This goes back to the days when I was playing in the cabaret group, Instant Sunshine, and we had a regular slot on the Saturday afternoon Radio 4 programme called Stop the Week with Robert Robinson. One year the producer, Michael Ember, decided to have a gala edition for New Year's Eve called Stop the Year with Robert Robinson for which he lined up several glittering star guests of whom the only two I can remember were Jonathan Miller and Vera Lynn.
"With any luck I might be able to get Vera Lynn to sing one of her hits on the programme," he told Instant Sunshine. "Do you know any of them? Could you back her?" Our collective lips curled. We only did our own material. We did not go around singing Vera Lynn songs. We did not go around singing anyone else's songs. Nor were we going to start now.

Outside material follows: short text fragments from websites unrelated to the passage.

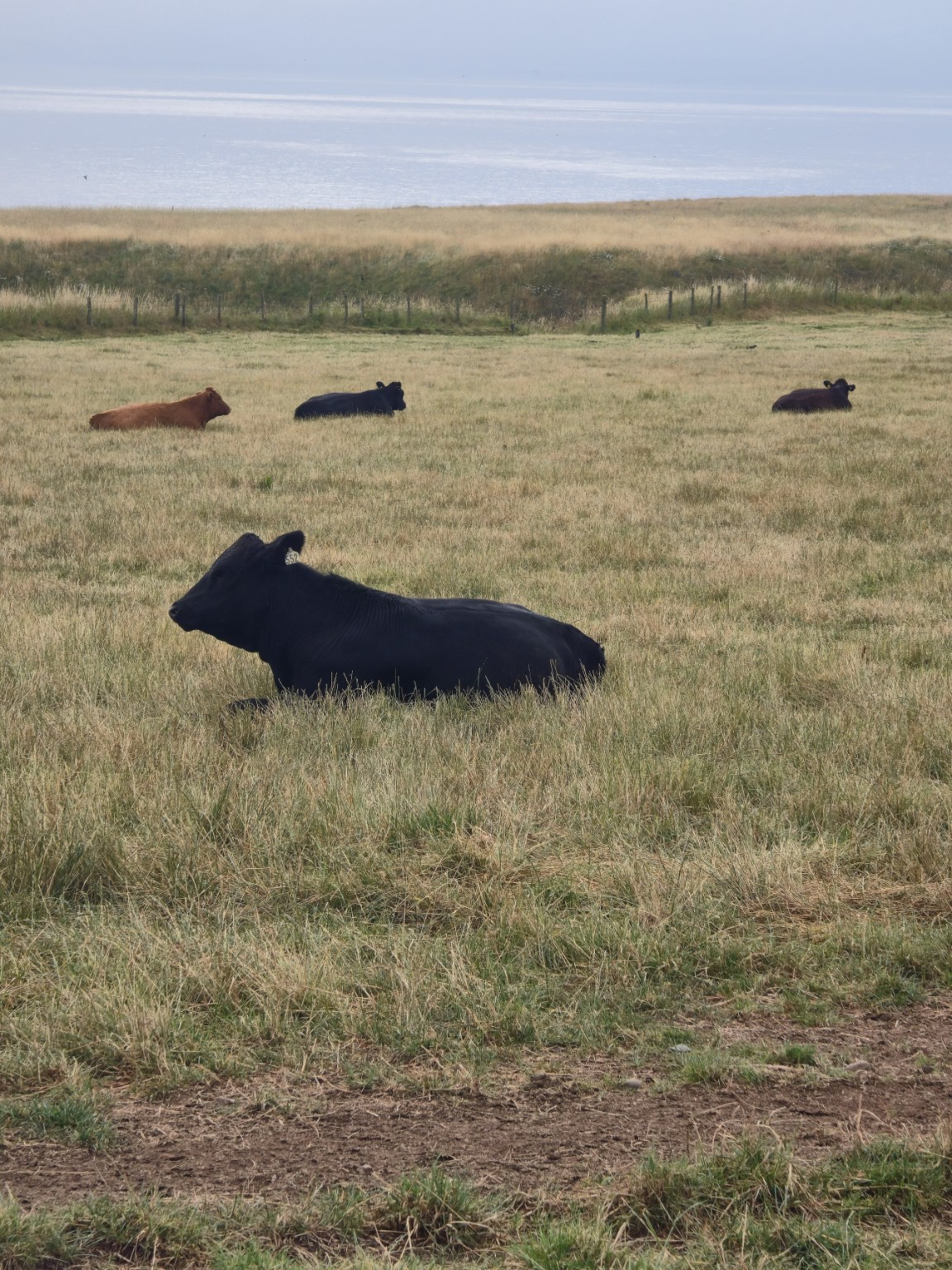 No Highland-cow theatre here: just ordinary cattle, dry grass and the North Sea.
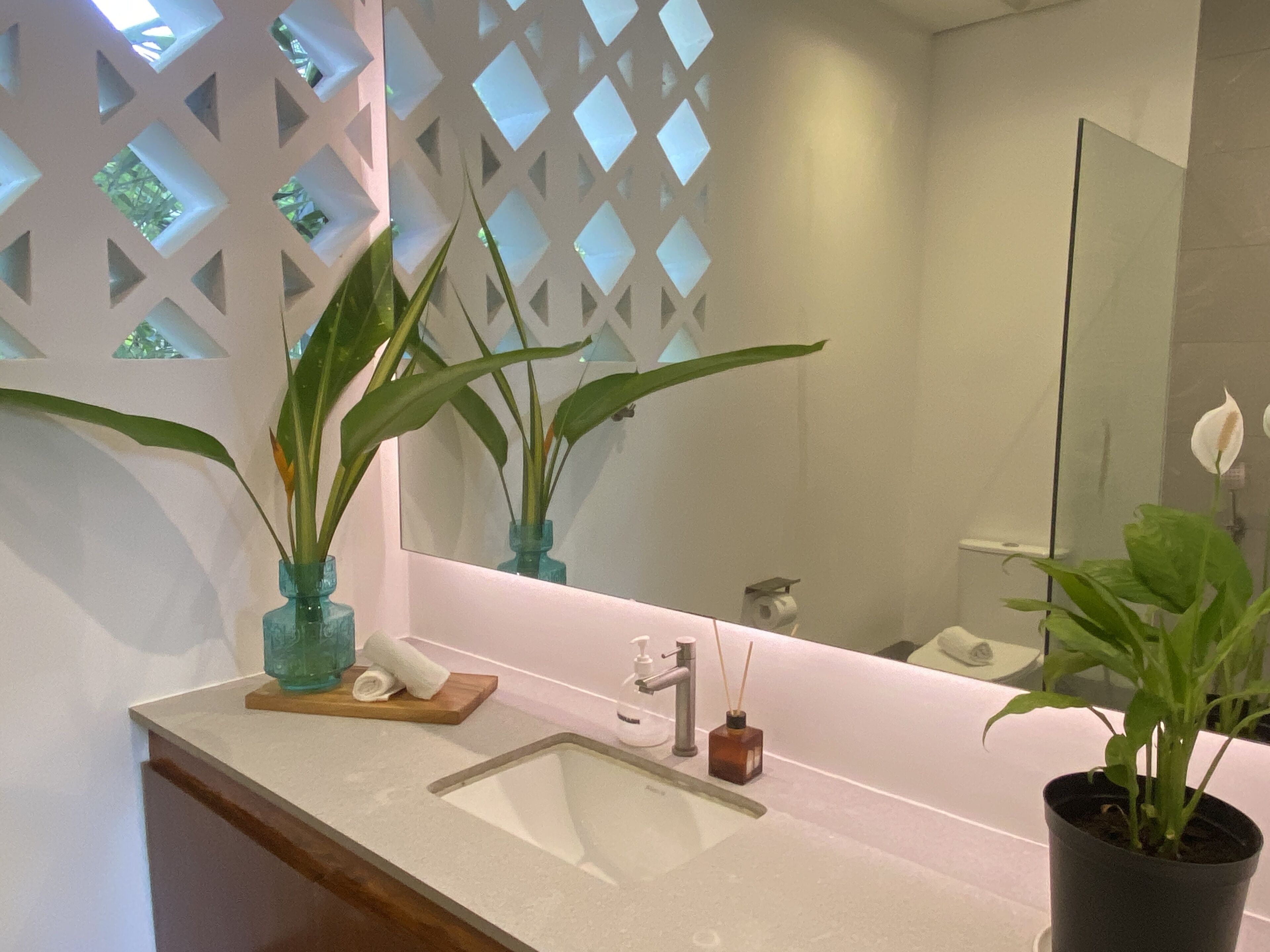 A bathroom with a white sink, a mirror, and two potted plants.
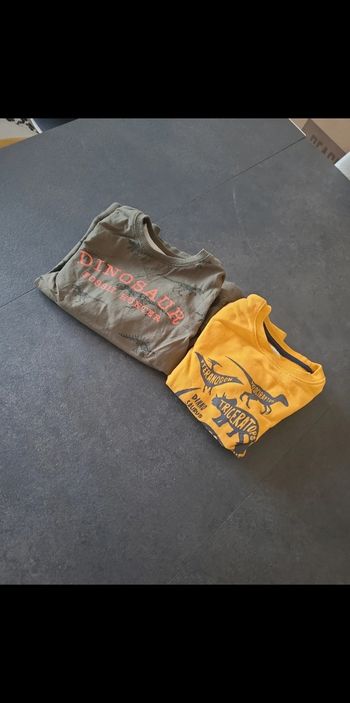 Lot 2 sweat dinosaure Vertbaudet 6 ans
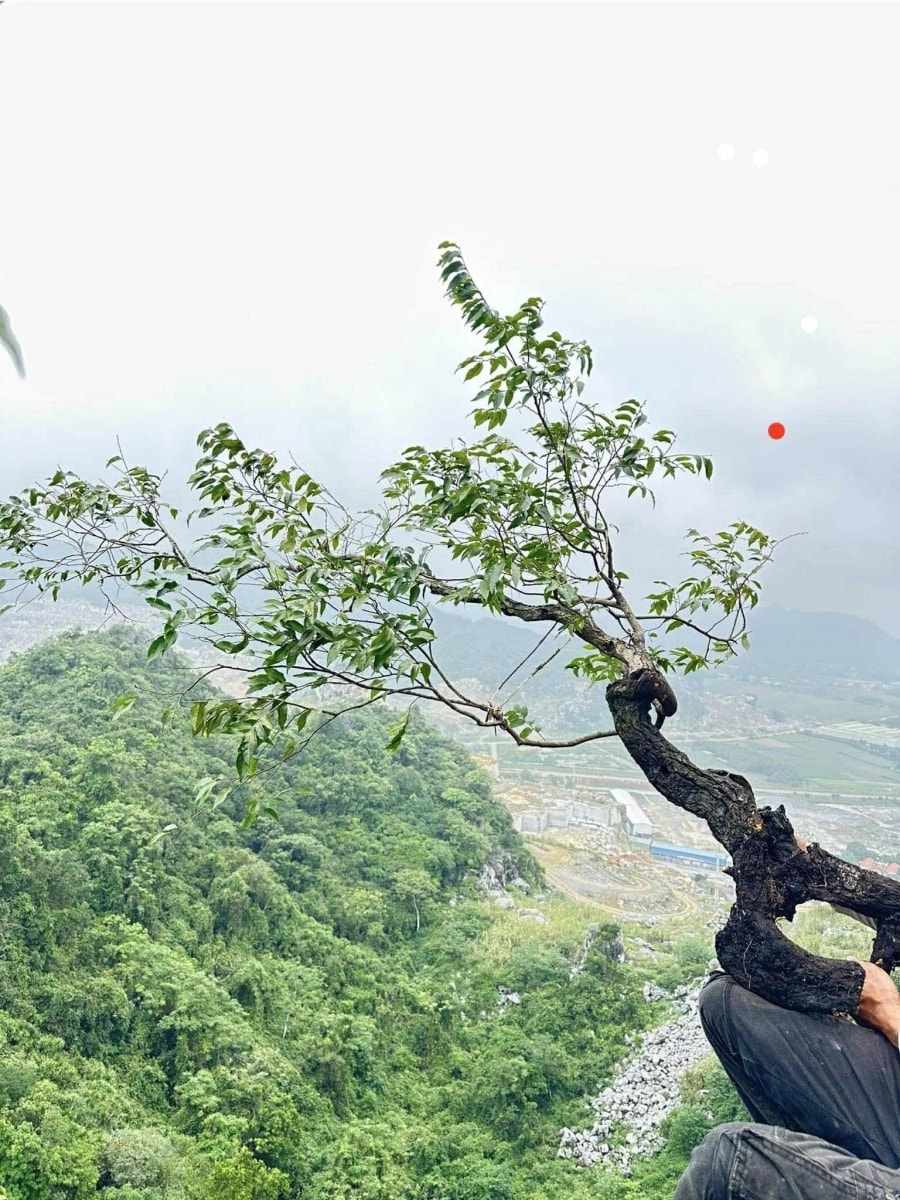 Cây muội hồng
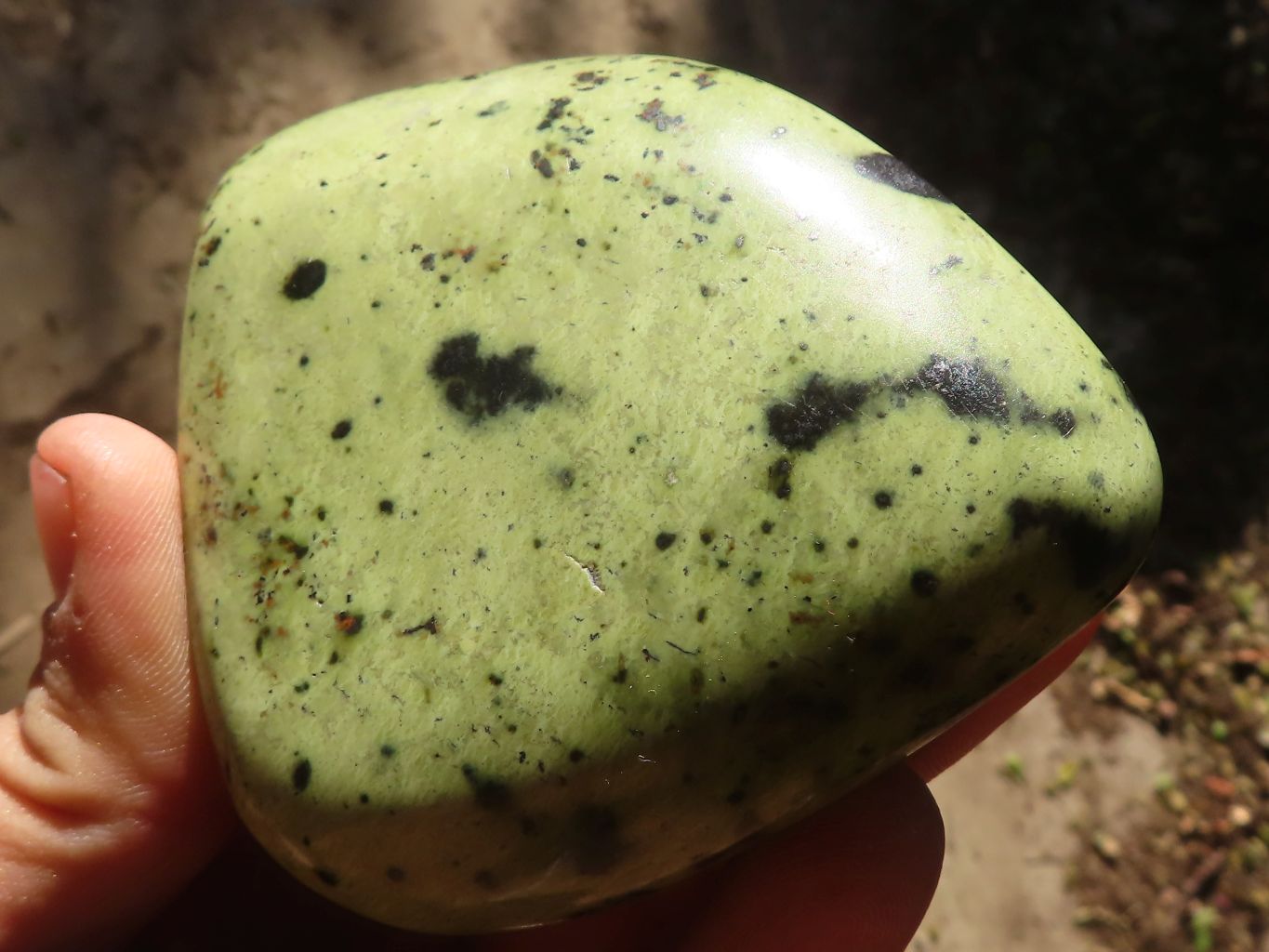 Polished Green Leopard Stone Free Forms  x 6 From Congo - Toprock Gemstones and Minerals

His face fell. It suddenly occurred to me that we were not exactly behaving like professional musicians.
"I think I could manage a pub piano backing of one of her songs, if I had to," I said.
His face brightened: "I'll give you a ring if we need you."
He gave me a ring. The Dame had agreed to sing "We'll Meet Again".
"Do you know it?" he asked.
"Never played it, but it sounds easy," I said. "I'll buy the music. I'll learn it."
I bought one of those albums of wartime songs containing black-and-white photographs of people digging allotments and the music for the songs they sang as they dug for victory, like "Der Fhrer's Face" and "Kiss Me Good Night, Sergeant Major" and "Lilli Marlene". And there was "We'll Meet Again".
It was written in G major. Not a bad key. I practised it. One or two funny chords, but not that hard. I went along to the programme full of confidence. I was introduced to the Dame. She smiled and went on with another conversation. I was just retreating from the regal presence when I was approached by a small, anxious, middle-aged man. He turned out to be her husband.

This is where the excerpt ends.